[Web page caption snippets]
= = = = = = =

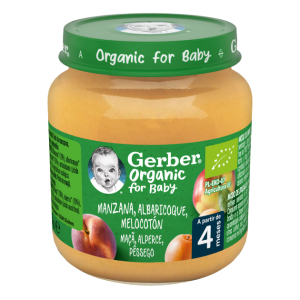 Nestlé Gerber Organic Boião Maçã Alperce Pêssego 125g 6m+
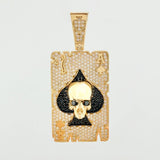 Dije Calavera Carta Pica De As 10.95gr / 2 in / Oro Amarillo 18K *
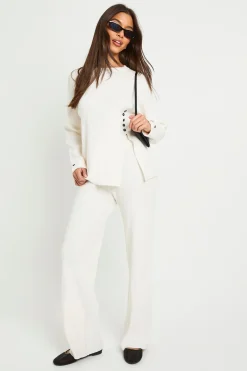 boohoo Pull à col rond avec ourlet boutonné en côtes épaisses et pantalon coordonné à jambe droite<Femme Pulls Et Gilets|Toutes Les Mailles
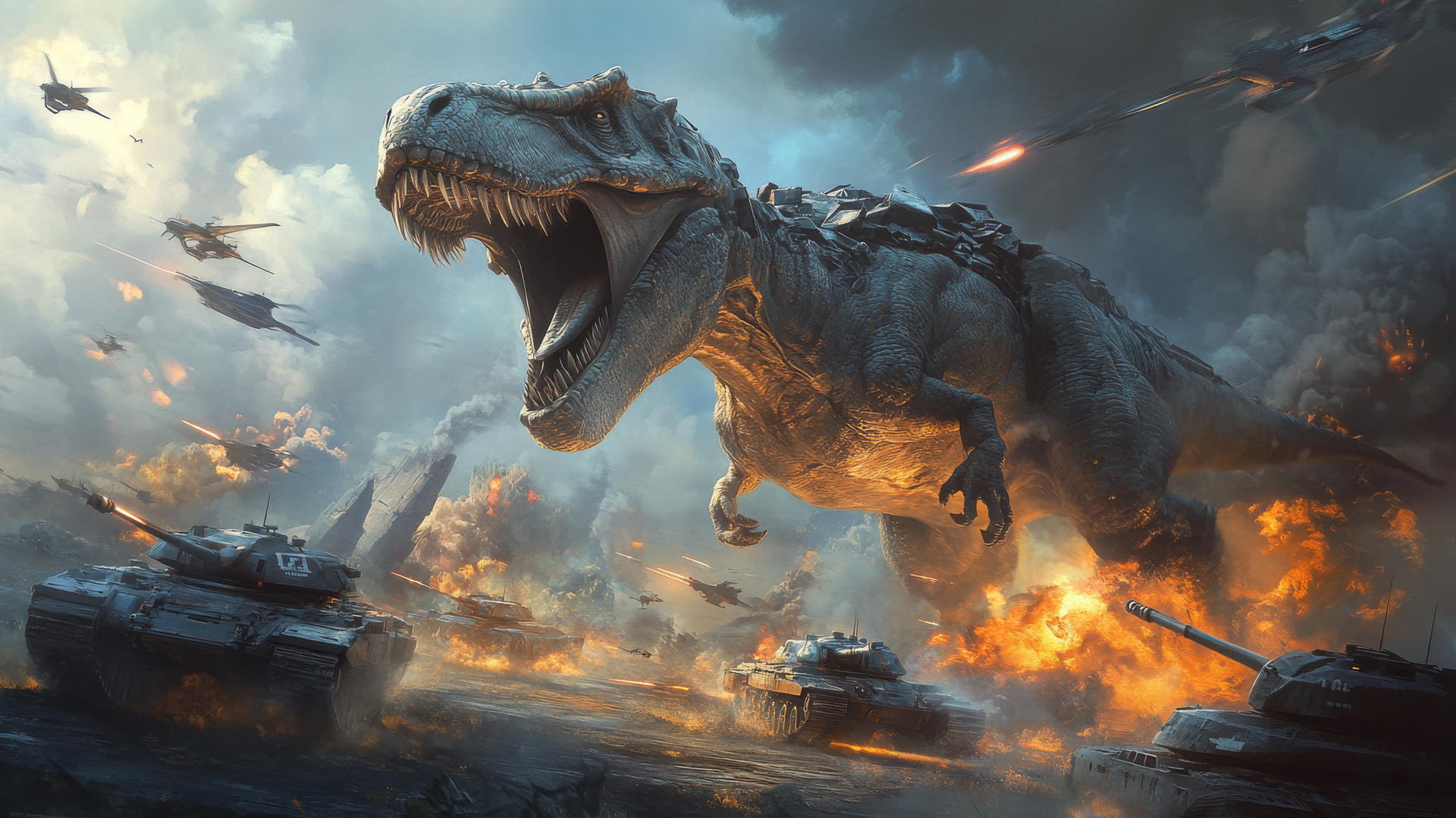 futuristic dinosaur, half-robotic and half-organic, roaring on a digital battlefield with tanks and drones, cool wallpapers for boys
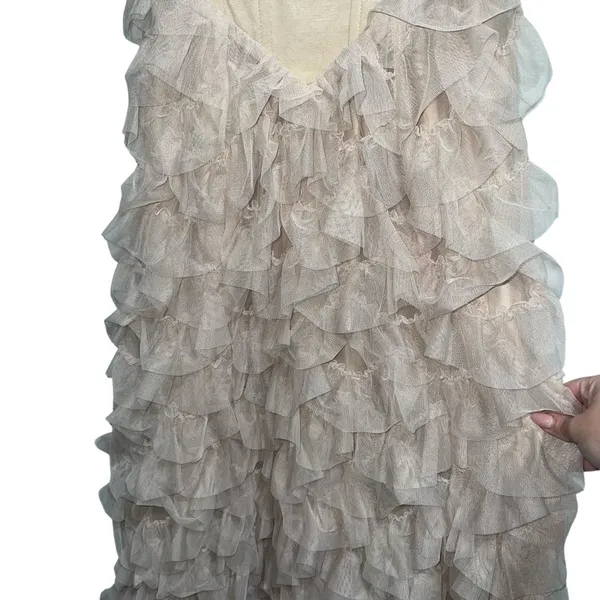 Show Me Your Mumu Francesca Corset Maxi Dress Champagne Tulle Ruffle - Image 7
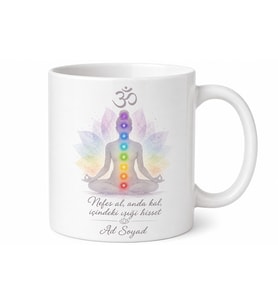 Yoga Meditasyon Çakra Om Sembolü Lotus Farkındalık Hediye Kupa Bardak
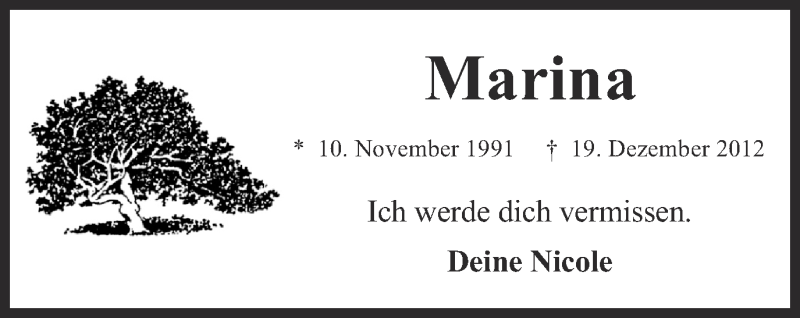  Traueranzeige für Marina Janotta vom 21.12.2012 aus Münstersche Zeitung und Grevener Zeitung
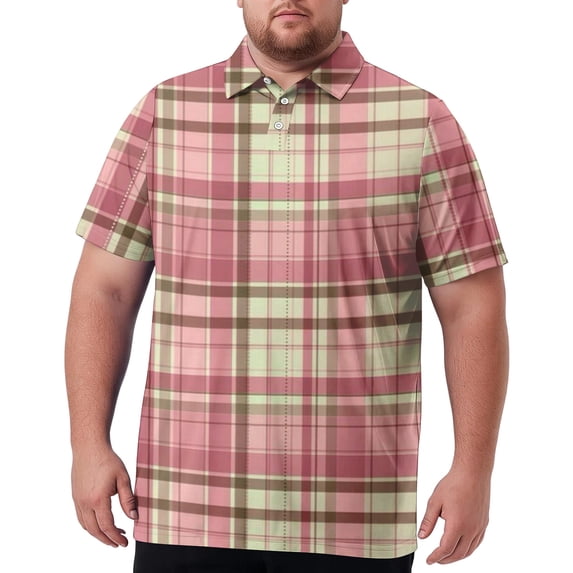 LTTVQM Mens Four Season All Weather Plaid Golf Shirt Big & Tall Short Sleeve Collared High Breathability Casual Top Light Gray 6XL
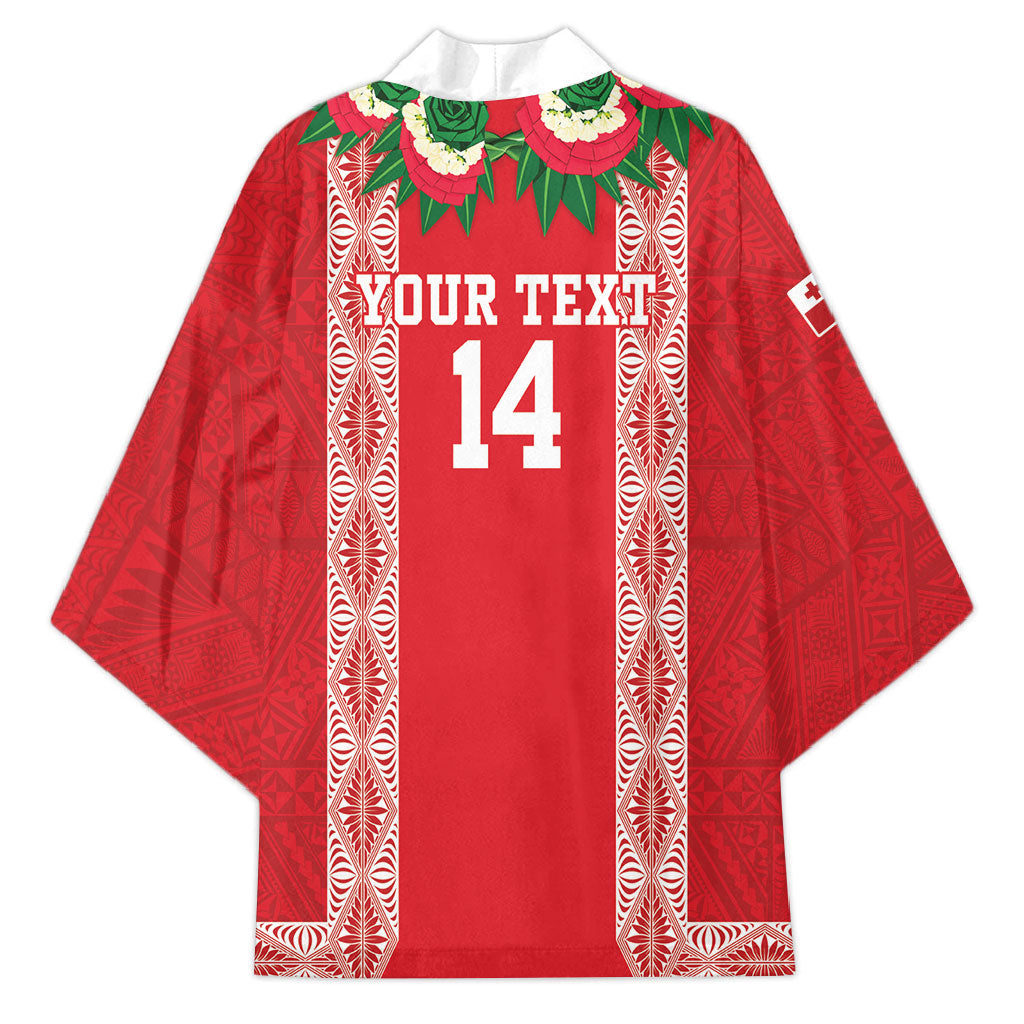 Mate Ma'a Tonga Rugby Custom Kimono Tongan Kahoa Lei Ngatu Pattern Red LT14 - Polynesian Pride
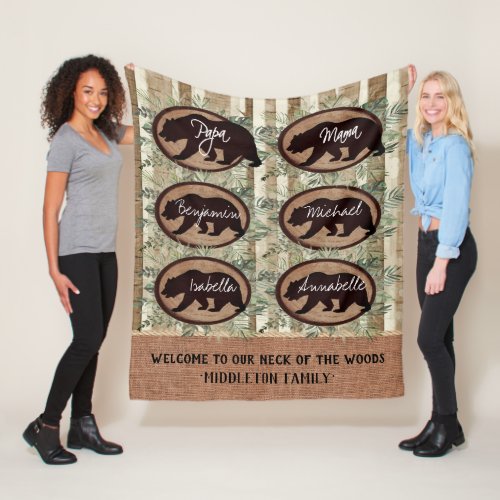 Welcome to our Neck of the Woods Fleece Blanket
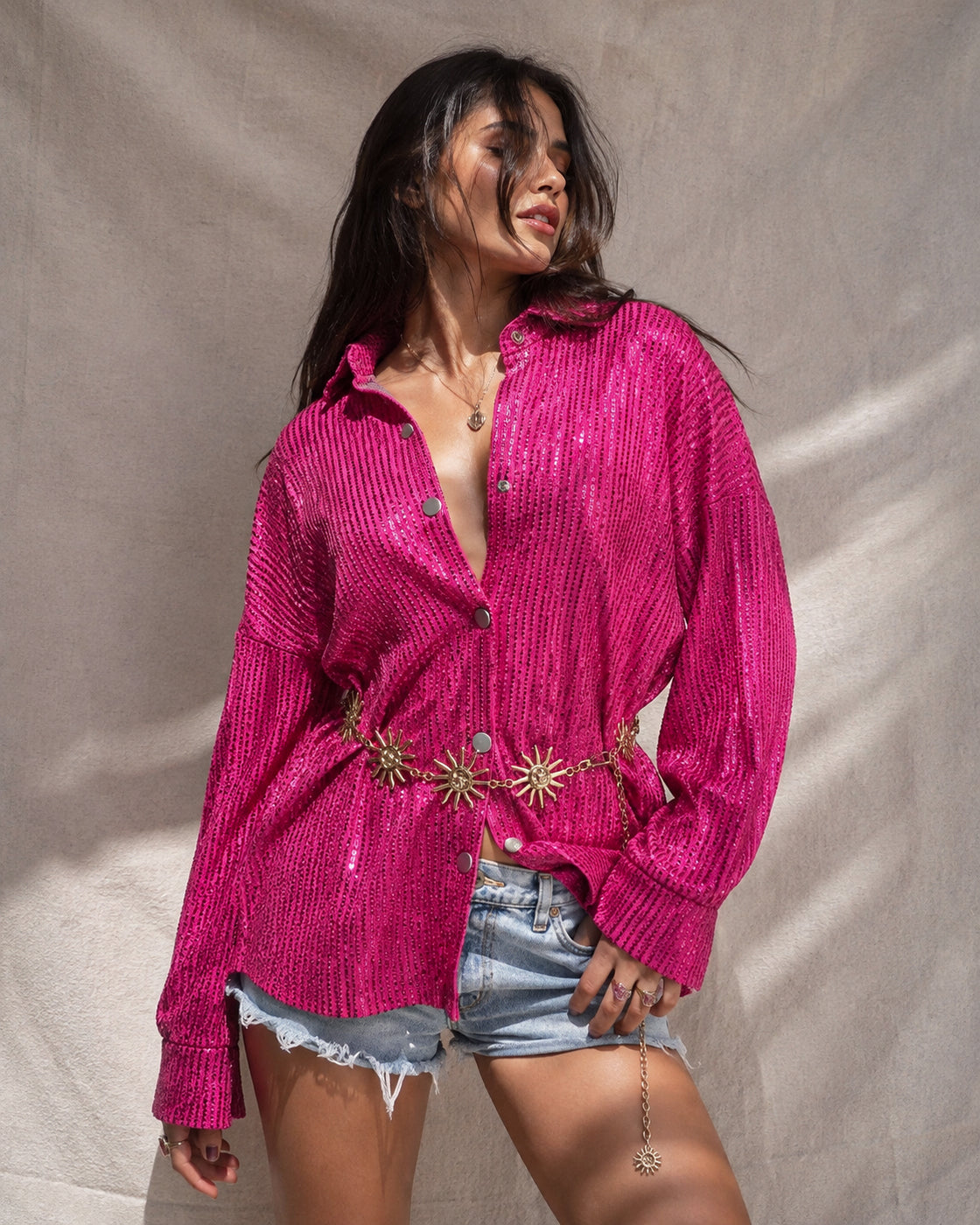 CAUGHT MY ATTENTION PINK SEQUIN LONG SHIRT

= = = = = = =

**WORK REQUEST**: Give back the data exactly. Pictures stay out.

**TASK SOLUTION**:
 Nestlé Gerber Organic Boião Maçã Alperce Pêssego 125g 6m+
 Dije Calavera Carta Pica De As 10.95gr / 2 in / Oro Amarillo 18K *
 boohoo Pull à col rond avec ourlet boutonné en côtes épaisses et pantalon coordonné à jambe droite<Femme Pulls Et Gilets|Toutes Les Mailles
 futuristic dinosaur, half-robotic and half-organic, roaring on a digital battlefield with tanks and drones, cool wallpapers for boys
 Show Me Your Mumu Francesca Corset Maxi Dress Champagne Tulle Ruffle - Image 7
 Yoga Meditasyon Çakra Om Sembolü Lotus Farkındalık Hediye Kupa Bardak
  Traueranzeige für Marina Janotta vom 21.12.2012 aus Münstersche Zeitung und Grevener Zeitung
 LTTVQM Mens Four Season All Weather Plaid Golf Shirt Big & Tall Short Sleeve Collared High Breathability Casual Top Light Gray 6XL
 Mate Ma'a Tonga Rugby Custom Kimono Tongan Kahoa Lei Ngatu Pattern Red LT14 - Polynesian Pride
 Welcome to our Neck of the Woods Fleece Blanket
 CAUGHT MY ATTENTION PINK SEQUIN LONG SHIRT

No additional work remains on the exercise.